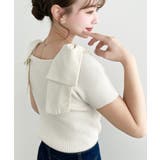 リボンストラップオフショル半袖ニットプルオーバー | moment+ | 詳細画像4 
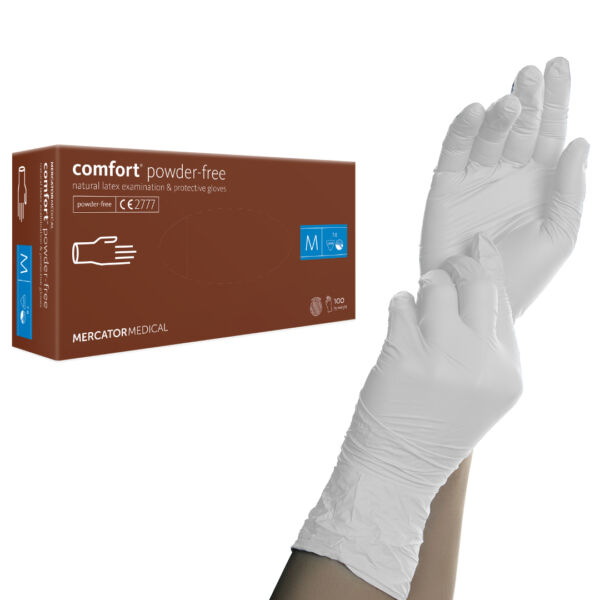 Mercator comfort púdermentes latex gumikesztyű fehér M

--

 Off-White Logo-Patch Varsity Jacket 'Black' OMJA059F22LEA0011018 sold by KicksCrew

• _Task to complete_:
Look above for the line with "リボンストラップオフショル半袖ニットプルオーバー | moment+ | 詳細画像4", then print it and each line after it down to and including the line with "Mercator comfort púdermentes". Leave out the pictures and keep the wording exact.

• _Expected output_:
 リボンストラップオフショル半袖ニットプルオーバー | moment+ | 詳細画像4 
 Mercator comfort púdermentes latex gumikesztyű fehér M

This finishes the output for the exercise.